Constatada la ignominia, no es
esta el objeto de mi escrito sino la utilización política, irresponsable por parte
de algunos y malvada por parte de otros, de la sentencia del Tribunal Supremo,
me explico: No es la primera vez que otros poderes del Estado y que algunos
políticos cuestionan las decisiones judiciales, están en su derecho, como lo
estamos todos, porque los jueces no están por encima del bien y del mal y
cuando se equivocan hay que decírselo, lo mismo que se lo decimos al Ejecutivo
y al Legislativo, los otros poderes de la tríada del Estado de Derecho, cuando
la cagan, que es algo muy frecuente. El problema surge cuando, aprovechando un
error o una coyuntura determinada, como el y la de ahora, hay gente interesada
en aprovechar eso para arrimar el ascua a su sardina, unos sin darse cuenta de
en qué aventura se están metiendo y otros siendo plenamente conscientes de que,
en su lucha contra el Estado, cuestionar y/o cargarse el Poder Judicial es
prioritario, porque son los que los tienen en la cárcel como presos
preventivos, van a dictar sentencias que los pueden condenar a largas condenas
por los graves delitos cometidos y deben velar en última instancia (Tribunal
Constitucional) por el complimiento de nuestra Carta Magna.
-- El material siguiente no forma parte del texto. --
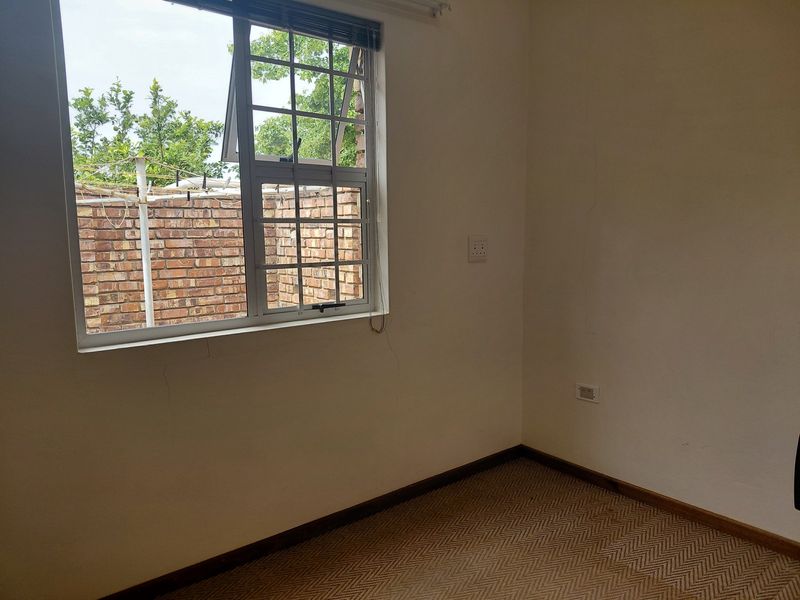 An empty bedroom featuring carpet flooring and an aluminium window frame, showing visible wall cracks requiring maintenance.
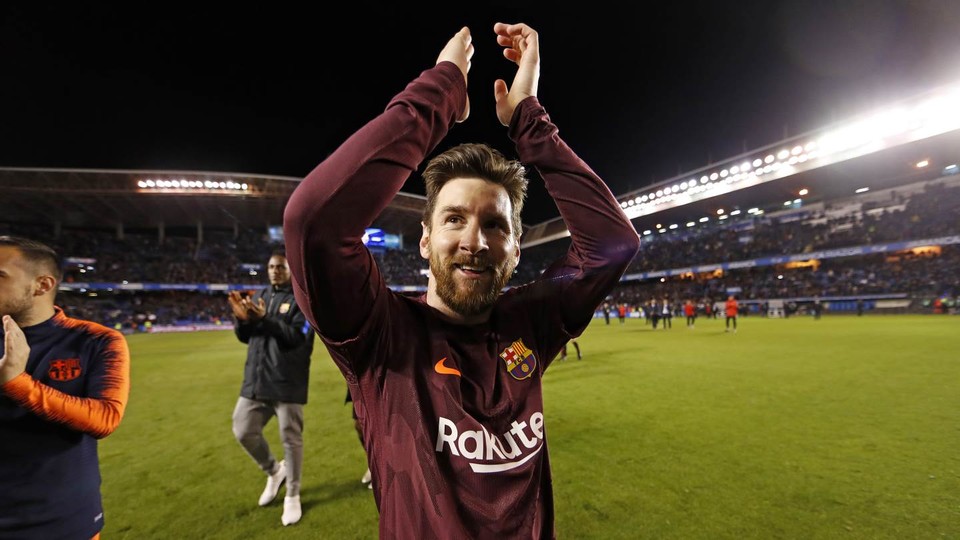 Lionel Messi celebrating his ninth league title with BarÃ§a
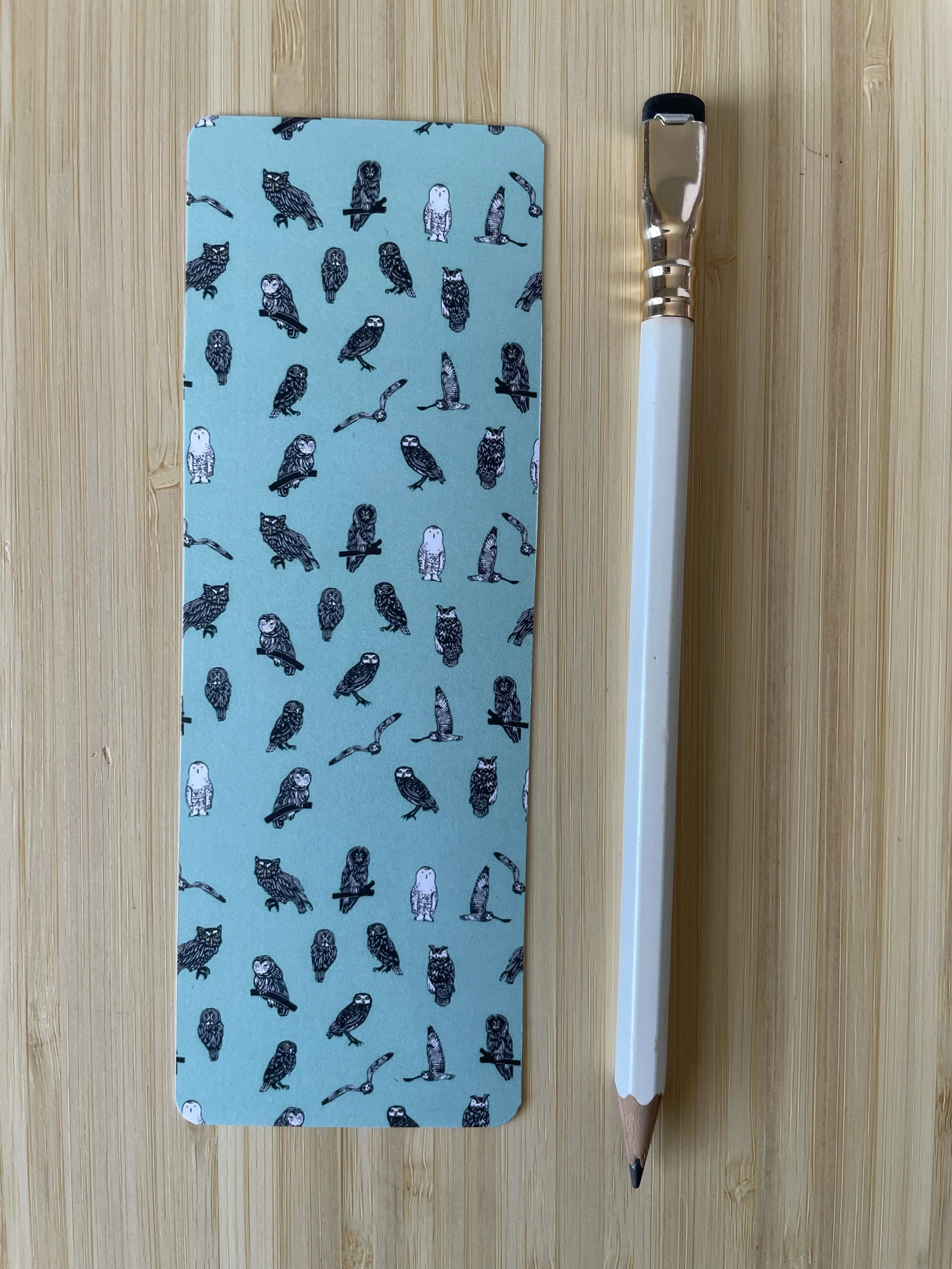 A light teal bookmark dotted with mini owls sits beside a white pencil on a wooden background.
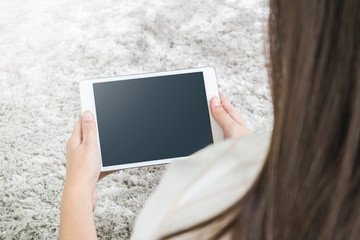 Closeup tablet computer on asian woman hand on blurred gray carp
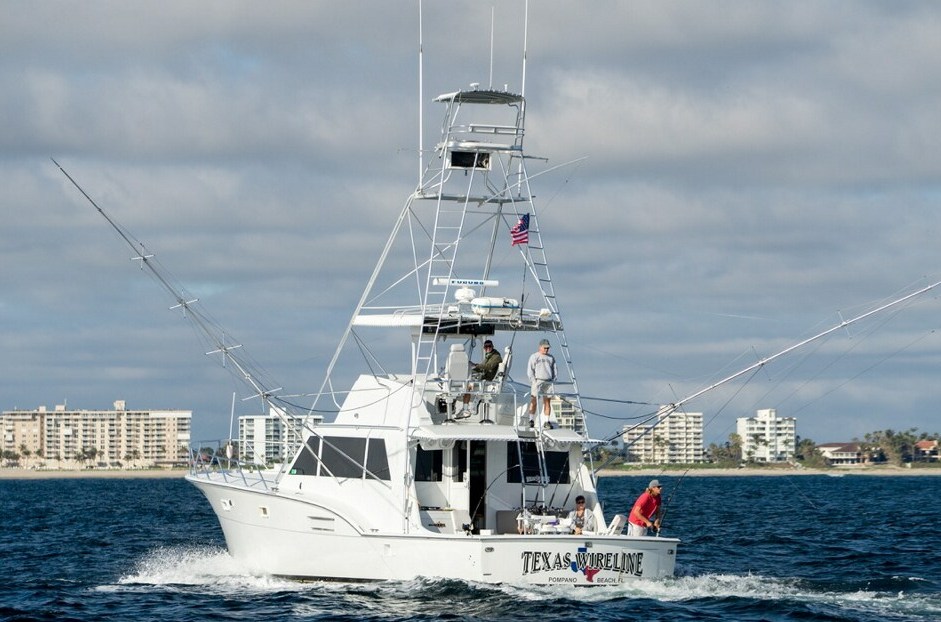 A white fishing boat named "Texas Shoreline" is cruising on the ocean. Several people are on board, with fishing rods extended. In the background, there are beachside buildings and a partly cloudy sky. An American flag flutters from the boat.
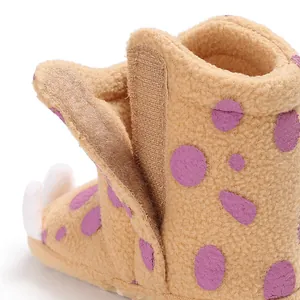 Close-up of baby warm claw boots with soft fleece material and velcro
Una cosa es criticar los errores
judiciales y otra muy distinta promover manifestaciones y escraches contra las
sedes de los tribunales, hacer declaraciones populistas incendiarias o
manifestar que ya habían dicho ellos que los jueces españoles están vendidos o
les tienen manía. Una cosa es criticar con fundamento los errores de los jueces
y otra muy distinta asesinar a Montesquieu.